Giorgio Moroder singles chronology
| "Good-Bye Bad Times" (1985) | "Be My Lover Now" (1985) | "To Be Number One" (1990) |

Audio sample
- file; help;

= Be My Lover Now =

"Be My Lover Now" is a song by British singer and songwriter Philip Oakey and producer Giorgio Moroder. It was written by Oakey and Moroder and recorded for the album Philip Oakey & Giorgio Moroder. It was released as a single in the UK in August 1985 where it reached number 91 on the singles charts and remained on the charts for 1 week. It was the third and final single to be released from the brief Oakey/Moroder partnership which had started with the hit single "Together in Electric Dreams" (1984).

==Music video==

Philip Oakey in music video for "Be My Lover Now"

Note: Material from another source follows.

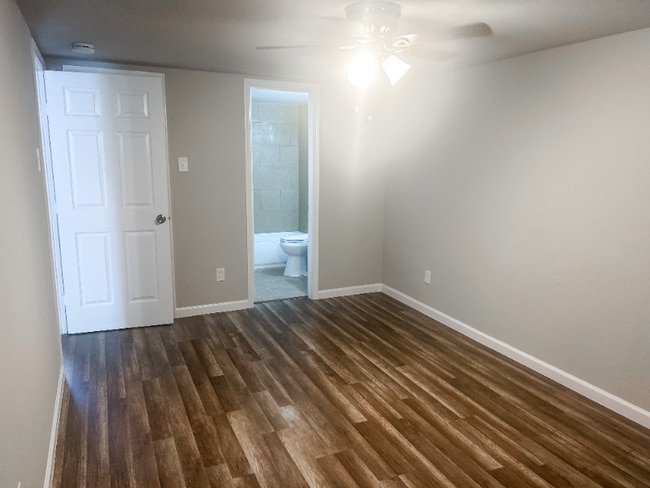 2432 W Little York Rd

The music video for "Be My Lover Now" was less extravagant than the high budget video for the previous single "Good-Bye Bad Times".

The video has a surreal theme and features Philip Oakey performing on stage in an ornate theatre, with three female backing singers/dancers and two female podium dancers either side of the stage who are dressed identically to an audience of identical blue dress wearing female 'clones' in their 30s/40s who are competing for Oakey's attention.

==Critical reception==
Upon its release as a single, Don Watson of NME considered "Be My Lover Now" to be "catchy enough" and "definitely an improvement" on "Together in Electric Dreams". He also noted the "infuriatingly familiar, cloying perfect slide guitar refrain", but felt overall that the song did not "contain a spark of the irresistible tacky thrill that was 'Love Action'". Nancy Culp of Record Mirror remarked, "Phil, darling, you are wasting your awesome vocal talents endorsing this aural popcorn. Please go away at once and sing 15 choruses of 'Louise' to make up for it." Ro Newton of Number One noted the talents of Oakey and Moroder but felt "together they just don't seem to gel". She described the song as a "flat, repetitive disco dirge which establishes nothing except the fact Phillip is becoming rather desperate". John Harrison, writing for The Sydney Morning Herald, called it "strictly dance-floor material, with the inherent weakness (banal lyrics) and strengths (big beat) of that tag", but added that "it is a little classier than most of the ilk".